Even if this Court could consider Marathon's submissions, Marathon cannot establish improper joinder, i.e., that there is no possibility that Moreno can recover against Marathon. Moreno argues that this Court must apply the more relaxed Texas "fair notice" pleading standard, i.e., a petition is sufficiently pleaded if one can reasonably infer a cause of action from what is stated, since the Original Petition was filed in Texas state court according to that state pleading standard. Centro Cristiano Coseha Final, Inc. v. Ohio Cas. Ins. Co., No. H-10-1846, 2011 WL 240335, *3 (S.D. Tex. Jan. 20, 2011); Jimenez v. Travelers Indem. Co., No. H-09-1308, 2010 WL 1257802, *3 (S.D. Tex. Mar. 25, 2010). Moreno insists that it has adequately pleaded claims against Marathon for conversion and unjust enrichment/money had and received, on the grounds that Marathon has profited at Moreno's expense by taking royalty proceeds and tax credits that rightfully belong to Moreno. Orig. Petition at ¶¶ 56-64 (#1-3). As for those factual allegations directed at all three "Marathon Defendants," they satisfy the fair notice standard of providing sufficient detail to allow Marathon's attorney to ascertain the nature and basic issues of the claims against it and the testimony likely to be relevant. Horizon/CMS Healthcare Corp. v. Auld, 34 S.W. 3d 887, 896 (Tex. 2000); Tex. R. Civ. Proc. 47(a)(pleading "shall contain . . . a short statement of the cause of action sufficient to give fair notice of the claims involved . . . . ").
Boyles v. Kerr, 855 S.W.2d 593, 601 (Tex. 1993).

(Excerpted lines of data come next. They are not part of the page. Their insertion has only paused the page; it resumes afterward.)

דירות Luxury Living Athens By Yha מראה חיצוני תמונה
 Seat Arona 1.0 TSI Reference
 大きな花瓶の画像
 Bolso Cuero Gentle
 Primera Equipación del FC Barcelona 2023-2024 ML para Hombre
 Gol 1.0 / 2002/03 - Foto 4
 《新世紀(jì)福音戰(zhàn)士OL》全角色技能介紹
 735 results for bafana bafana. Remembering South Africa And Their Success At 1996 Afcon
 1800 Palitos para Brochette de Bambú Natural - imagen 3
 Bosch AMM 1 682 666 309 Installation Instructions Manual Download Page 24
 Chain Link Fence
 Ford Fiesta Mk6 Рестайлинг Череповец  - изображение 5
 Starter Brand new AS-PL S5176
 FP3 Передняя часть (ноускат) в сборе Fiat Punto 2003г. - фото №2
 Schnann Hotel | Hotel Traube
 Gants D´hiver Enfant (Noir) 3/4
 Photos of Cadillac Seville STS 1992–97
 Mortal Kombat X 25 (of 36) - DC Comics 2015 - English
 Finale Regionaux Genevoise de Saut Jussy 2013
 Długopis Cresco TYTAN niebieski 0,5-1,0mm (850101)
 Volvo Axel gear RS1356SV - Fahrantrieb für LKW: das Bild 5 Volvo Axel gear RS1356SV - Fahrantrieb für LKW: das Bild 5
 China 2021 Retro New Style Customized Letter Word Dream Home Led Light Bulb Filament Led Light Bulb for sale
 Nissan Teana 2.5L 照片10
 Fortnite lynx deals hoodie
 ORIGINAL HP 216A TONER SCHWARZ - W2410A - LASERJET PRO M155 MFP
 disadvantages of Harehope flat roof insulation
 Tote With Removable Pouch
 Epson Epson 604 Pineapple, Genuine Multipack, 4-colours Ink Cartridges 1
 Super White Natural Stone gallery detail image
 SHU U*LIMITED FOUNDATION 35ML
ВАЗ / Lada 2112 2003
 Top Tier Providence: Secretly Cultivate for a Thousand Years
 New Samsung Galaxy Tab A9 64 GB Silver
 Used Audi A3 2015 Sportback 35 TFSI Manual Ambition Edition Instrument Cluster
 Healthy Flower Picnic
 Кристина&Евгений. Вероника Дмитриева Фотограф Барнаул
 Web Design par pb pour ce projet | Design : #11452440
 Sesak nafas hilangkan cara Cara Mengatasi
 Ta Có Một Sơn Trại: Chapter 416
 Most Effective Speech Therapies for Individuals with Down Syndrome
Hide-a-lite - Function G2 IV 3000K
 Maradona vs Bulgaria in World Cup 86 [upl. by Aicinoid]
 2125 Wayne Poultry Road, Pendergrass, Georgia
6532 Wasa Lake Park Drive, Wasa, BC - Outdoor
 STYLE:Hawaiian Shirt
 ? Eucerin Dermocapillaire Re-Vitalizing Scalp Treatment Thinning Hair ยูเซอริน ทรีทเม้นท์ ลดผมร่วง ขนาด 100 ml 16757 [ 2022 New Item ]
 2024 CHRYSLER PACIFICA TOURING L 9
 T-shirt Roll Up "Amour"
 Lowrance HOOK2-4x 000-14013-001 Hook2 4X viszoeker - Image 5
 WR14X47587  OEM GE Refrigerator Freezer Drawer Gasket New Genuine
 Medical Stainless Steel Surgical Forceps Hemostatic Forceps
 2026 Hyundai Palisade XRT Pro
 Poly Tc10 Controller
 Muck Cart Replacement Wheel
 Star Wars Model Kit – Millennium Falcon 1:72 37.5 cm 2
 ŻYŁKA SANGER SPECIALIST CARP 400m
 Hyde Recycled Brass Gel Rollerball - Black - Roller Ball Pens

Finally, Moreno seeks an award of its costs and expenses under 28 U.S.C. § 1447(c) because Marathon in removing this cases lacked "objectively reasonable grounds to believe that removal was legally proper." Hornbuckle v. State Farm Lloyds, 385 F.3d 528, 541 (5th Cir. 2004). Attached to the motion is an affidavit from Moreno's attorney, Allen H. Rustay, stating that Moreno has reasonably incurred at least $8,500 (20 hours billed at $425 per hour) in attorney's fees relating to the removal.
Marathon's Response in Opposition (#24)
Marathon maintains that (1) under the removal statute, 28 U.S.C. § 1446(a), which requires only that the removing party be a defendant, and under the case law, non-diverse defendants may remove a case and (2) Marathon was improperly joined in an effort to defeat the Court's diversity jurisdiction. See Bova v. U.S. Bank, N.A., 446 F. Supp. 2d 926, 931 (S.D. Ill. 2006)("Plaintiffs have not cited, and the Court's research has not disclosed any authority indicating that this case must be remanded because the removing Defendant is also a diversity-defeating party that claims to have been fraudulently joined."). Therefore the Court should deny Moreno's motion.
Marathon points out that § 1446(a) clearly bars plaintiffs from removing even if they are defending a counterclaim and prohibits third-party defendants from removing, but there is no restriction on the ability of a non-diverse party who was improperly joined to remove to federal court. Bova, 446 F. Supp. 2d at 931. Moreno is asking this Court to read into the statute a restriction that is not there, maintains Marathon.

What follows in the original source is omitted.